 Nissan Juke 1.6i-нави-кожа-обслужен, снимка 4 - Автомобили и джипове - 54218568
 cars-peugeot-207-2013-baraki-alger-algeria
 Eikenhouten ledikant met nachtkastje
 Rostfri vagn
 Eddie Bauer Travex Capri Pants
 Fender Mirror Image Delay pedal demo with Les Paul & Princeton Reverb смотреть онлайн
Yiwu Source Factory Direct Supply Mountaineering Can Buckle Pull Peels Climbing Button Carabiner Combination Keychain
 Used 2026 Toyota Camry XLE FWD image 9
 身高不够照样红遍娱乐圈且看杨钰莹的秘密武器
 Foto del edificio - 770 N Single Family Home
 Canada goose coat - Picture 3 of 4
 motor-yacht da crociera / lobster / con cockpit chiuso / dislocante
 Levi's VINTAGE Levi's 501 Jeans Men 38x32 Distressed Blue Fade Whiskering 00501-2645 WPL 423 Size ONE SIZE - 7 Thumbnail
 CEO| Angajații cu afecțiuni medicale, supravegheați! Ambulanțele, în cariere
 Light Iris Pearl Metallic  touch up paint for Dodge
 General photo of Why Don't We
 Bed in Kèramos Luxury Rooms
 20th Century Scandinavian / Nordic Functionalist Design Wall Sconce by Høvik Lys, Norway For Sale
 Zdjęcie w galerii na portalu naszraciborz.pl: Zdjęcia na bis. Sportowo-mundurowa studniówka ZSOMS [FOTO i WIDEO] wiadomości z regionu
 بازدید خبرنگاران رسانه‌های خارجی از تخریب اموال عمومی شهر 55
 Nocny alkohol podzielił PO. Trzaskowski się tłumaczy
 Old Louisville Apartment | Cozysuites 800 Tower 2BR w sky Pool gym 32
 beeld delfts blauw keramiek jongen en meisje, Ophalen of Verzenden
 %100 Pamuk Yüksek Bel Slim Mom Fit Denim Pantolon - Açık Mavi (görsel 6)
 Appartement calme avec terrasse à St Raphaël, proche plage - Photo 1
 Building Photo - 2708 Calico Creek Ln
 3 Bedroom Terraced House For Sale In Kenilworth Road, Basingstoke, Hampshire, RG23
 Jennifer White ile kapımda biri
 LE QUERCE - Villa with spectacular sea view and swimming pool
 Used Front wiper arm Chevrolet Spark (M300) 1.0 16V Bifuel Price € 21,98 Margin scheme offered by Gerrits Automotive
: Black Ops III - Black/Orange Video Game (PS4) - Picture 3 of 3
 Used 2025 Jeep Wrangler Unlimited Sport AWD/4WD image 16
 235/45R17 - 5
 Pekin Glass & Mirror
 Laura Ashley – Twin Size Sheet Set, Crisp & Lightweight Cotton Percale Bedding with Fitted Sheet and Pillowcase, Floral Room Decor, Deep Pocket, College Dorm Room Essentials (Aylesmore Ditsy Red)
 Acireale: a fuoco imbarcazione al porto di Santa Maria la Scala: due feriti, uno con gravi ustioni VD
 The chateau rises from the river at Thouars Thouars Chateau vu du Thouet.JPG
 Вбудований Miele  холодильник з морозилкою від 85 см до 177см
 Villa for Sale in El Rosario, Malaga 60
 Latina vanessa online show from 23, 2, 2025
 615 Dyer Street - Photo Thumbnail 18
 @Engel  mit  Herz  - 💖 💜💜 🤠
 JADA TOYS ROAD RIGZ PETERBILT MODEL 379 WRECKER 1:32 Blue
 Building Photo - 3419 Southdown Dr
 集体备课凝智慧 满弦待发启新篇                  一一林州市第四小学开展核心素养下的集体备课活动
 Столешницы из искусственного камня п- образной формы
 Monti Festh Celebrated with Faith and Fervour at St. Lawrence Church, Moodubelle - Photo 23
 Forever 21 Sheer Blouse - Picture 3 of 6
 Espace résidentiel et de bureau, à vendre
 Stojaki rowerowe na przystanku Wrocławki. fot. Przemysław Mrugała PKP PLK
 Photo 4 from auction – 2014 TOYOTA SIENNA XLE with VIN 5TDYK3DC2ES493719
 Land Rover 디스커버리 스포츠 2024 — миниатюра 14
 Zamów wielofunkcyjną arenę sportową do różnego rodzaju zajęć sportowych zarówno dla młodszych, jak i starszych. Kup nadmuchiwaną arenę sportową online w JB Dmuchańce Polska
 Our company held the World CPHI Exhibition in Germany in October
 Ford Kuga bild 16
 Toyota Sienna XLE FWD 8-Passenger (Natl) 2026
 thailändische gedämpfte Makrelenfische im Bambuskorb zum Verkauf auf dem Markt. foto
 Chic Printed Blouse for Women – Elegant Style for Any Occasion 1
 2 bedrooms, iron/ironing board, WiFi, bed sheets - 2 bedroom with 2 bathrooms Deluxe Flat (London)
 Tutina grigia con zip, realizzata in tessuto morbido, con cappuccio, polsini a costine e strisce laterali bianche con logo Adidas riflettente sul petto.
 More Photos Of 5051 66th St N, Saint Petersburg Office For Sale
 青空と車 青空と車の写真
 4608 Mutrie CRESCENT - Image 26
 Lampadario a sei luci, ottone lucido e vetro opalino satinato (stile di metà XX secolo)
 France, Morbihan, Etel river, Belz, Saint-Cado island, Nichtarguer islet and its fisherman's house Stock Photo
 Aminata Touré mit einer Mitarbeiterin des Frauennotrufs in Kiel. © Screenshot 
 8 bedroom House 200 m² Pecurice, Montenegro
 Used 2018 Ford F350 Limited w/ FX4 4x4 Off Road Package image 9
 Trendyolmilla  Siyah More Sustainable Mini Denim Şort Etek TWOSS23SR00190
----
* [ASSIGNMENT] Only the lines above from the line with "Villa for Sale in El Rosario, Malaga 60" to the line with "Forever 21 Sheer Blouse - Picture 3 of 6", those two lines included, should be reproduced exactly.

* [EXERCISE RESPONSE]
 Villa for Sale in El Rosario, Malaga 60
 Latina vanessa online show from 23, 2, 2025
 615 Dyer Street - Photo Thumbnail 18
 @Engel  mit  Herz  - 💖 💜💜 🤠
 JADA TOYS ROAD RIGZ PETERBILT MODEL 379 WRECKER 1:32 Blue
 Building Photo - 3419 Southdown Dr
 集体备课凝智慧 满弦待发启新篇                  一一林州市第四小学开展核心素养下的集体备课活动
 Столешницы из искусственного камня п- образной формы
 Monti Festh Celebrated with Faith and Fervour at St. Lawrence Church, Moodubelle - Photo 23
 Forever 21 Sheer Blouse - Picture 3 of 6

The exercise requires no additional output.